For Scotland, Westminster controls overall public spending, the broad economy, social security, defence, and foreign affairs. Big issues, big choice. Plus, of course, those devolved issues will tend to be stirred into the mix as voters here in Scotland form an overall impression of the candidates and the parties. Then politics, like the truth, is seldom pure and never simple.
BETSAN POWYS:
‘For Wales, see England?’ Not anymore. A decade of devolution has put paid to that. People in Wales are at ease with the fact, switched on to the fact, that the education their children get, the care their parents get, are decisions taken here in the assembly. But every penny of the public money that goes into running those services comes from the Treasury. So there’s just as much at stake for voters in Wales as in England, when parties talk about cutting or not cutting public spending.
Not devolved, foreign affairs, defence, policing. But then voters in Wales want to make their clean cut decision how to vote in this election based on a clean cut understanding of the devolution settlement. It doesn't work like that. Which candidate they like the look of, which party leader has made an impression. That will count over here just as much as it does over there.
MARK DEVENPORT:
Here in Northern Ireland, some people, especially unionists, still find it hard to stomach Irish Republicans, who once advocated violence, wielding power. But for many others, that’s the whole point of devolution. It’s better than what went before. There is still, of course, some dissident Republican violence. But for many young people, the troubles have receded into history. They want an administration that will work for them in the here and now, whatever happened in the past.

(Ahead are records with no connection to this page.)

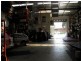 35 Wright Street, Sunshine VIC 3020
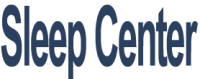 Symptoms of sleep apnea
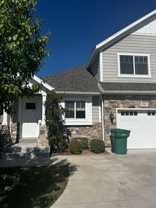 344 W 1360 N - Photo 1 of 1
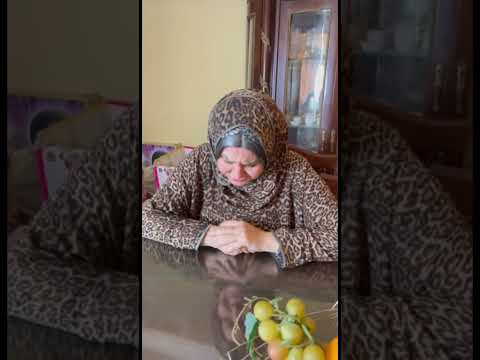 الزوجة الخبيثه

On that score, Stormont has had a patchy record. On the upside, local politicians have leveraged extra money for the justice system. They’ve also delayed water charges, held down the rates, and unemployment is well below the UK average. However, the system here has a tendency towards deadlock. And for all the talk of entering a new era of prosperity, Northern Ireland remains heavily dependent on a subsidised public sector. So better than what went before, but the devolved government here will increasingly be judged not on its past, but on how it delivers for the future.